C’est un programme important que nous soutenions absolument. Nos élèves ont ce besoin profond de savoir les maths et les langues étrangères, mais le civisme, l’amour de la patrie, le respect de l’être humain, des fondements étatiques et familiaux sont d’une importance capitale et indéniable.
Quel soutien entendez-vous apporter à la Côte d’Ivoire dont vous êtes ressortissants qui connaît d’énormes soucis dans l’éducation des jeunes filles ?
L’éducation des jeunes filles est un souci permanent dans nos pays africains. Nous préparons des programmes de formations ciblées et possiblement apporter des moyens pour aider les jeunes filles non seulement à poursuivre leur éducation, mais également à apprendre un métier, à être productive sur le terrain. Autre chose, les gouvernements africains devraient mettre sur pied des mécanismes pour protéger nos jeunes filles qui sont souvent les victimes de toutes sortes d’abus de la part de leurs enseignants.
A propos de la justice sociale, quel est votre avis sur la justice transitionnelle dans le cadre de la réconciliation nationale dans des Etats africains qui ont connu de graves crises ?
Notre programme de justice sociale vise à donner la chance à tous pour une vie meilleure. Nos Etats africains doivent orienter leurs efforts vers le bien-être des citoyens. Il n’y a pas meilleure conciliation que de rendre un citoyen heureux. Le reste c’est de la politique des bavards. Quand le peuple est au travail, la réconciliation s’impose d’elle-même.
Comment expliquez-vous le choix de la Côte d’Ivoire pour le lancement de votre programme « Santé et nutrition » baptisé « Obidj » ?

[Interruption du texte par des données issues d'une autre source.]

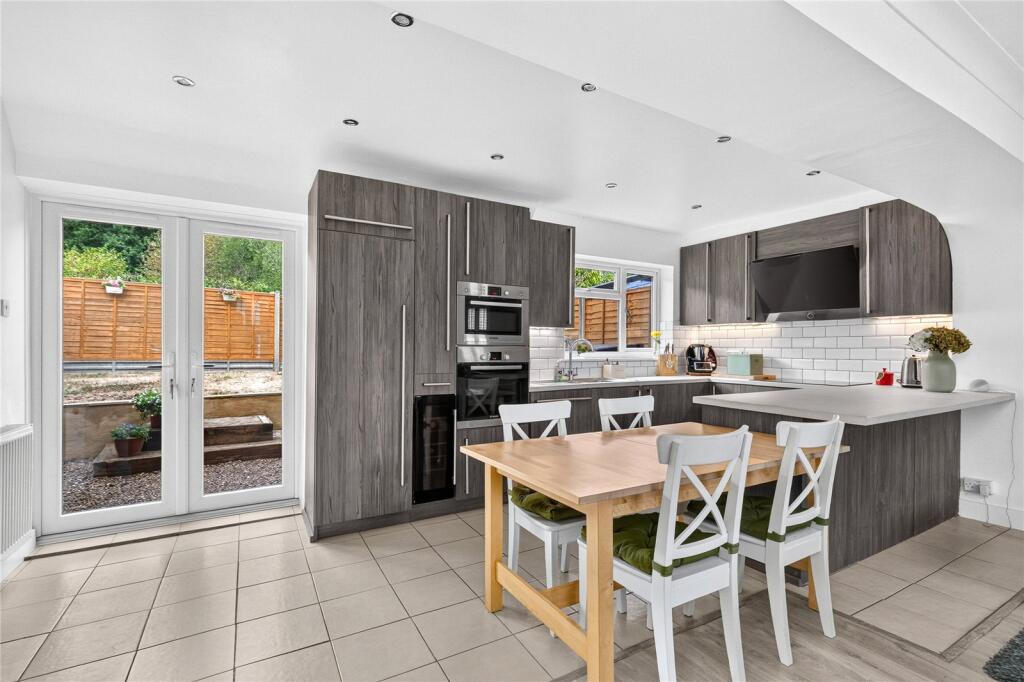 House in Slough - View 2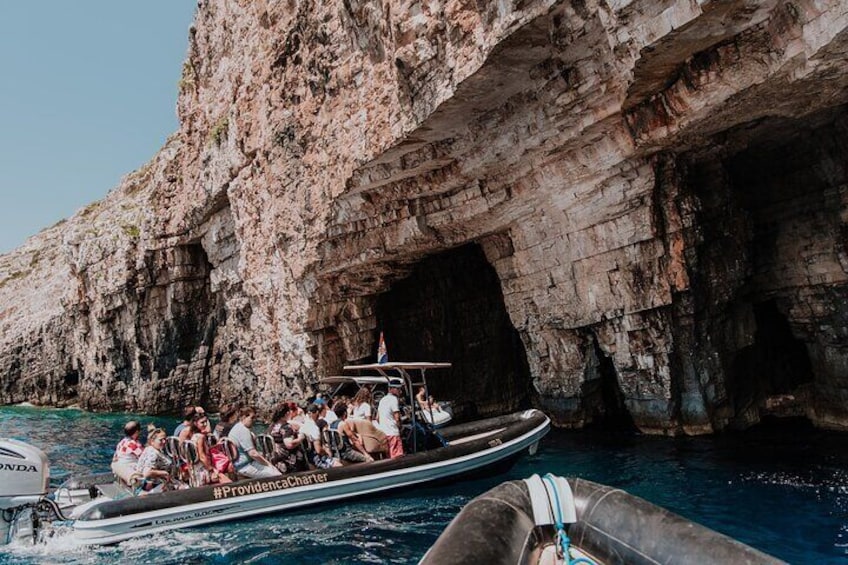 5 Islands Speedboat Tour with Blue Cave and Hvar from Trogir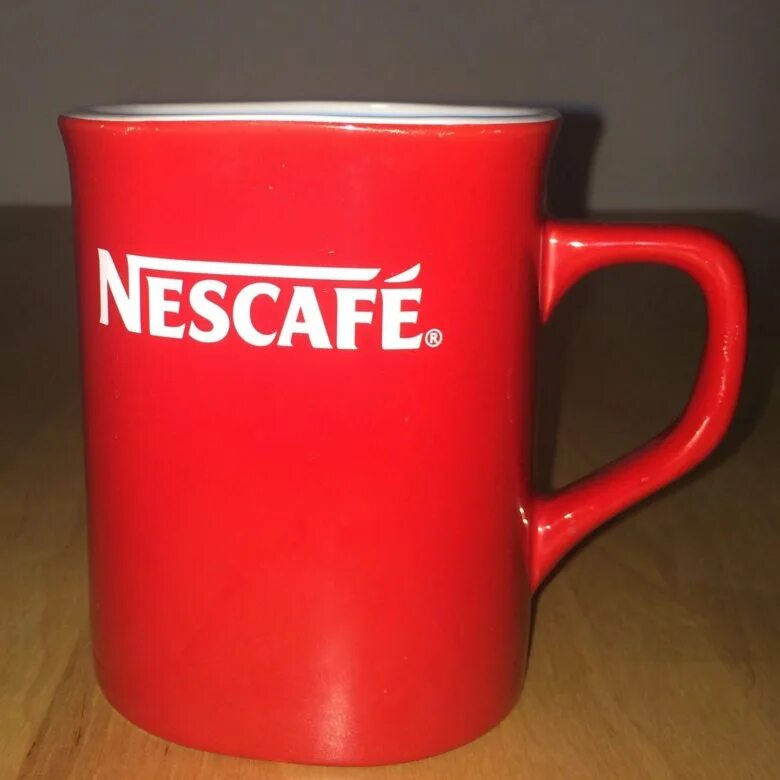 Кружки nescafe. Кружка Nescafe. Большая Кружка Нескафе. Кружка Nescafe красная. Nescafe Кружка большая.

Il faut dire qu’en la matière nous n’innovons en rien… Là où nous apportons une innovation, c’est de permettre aux élèves de produire ce qu’ils consomment. Nous voulons juste appuyer ce qui existe déjà en prenant en charge les lieux et établissements ou les élèves ont ce besoin. Le programme Obidj qui veut dire en Adioukrou, nourriture va s’atteler à apporter le déjeuner aux enfants dans certains établissements des pays africains. Un fardeau lourd pour certaines familles en Afrique.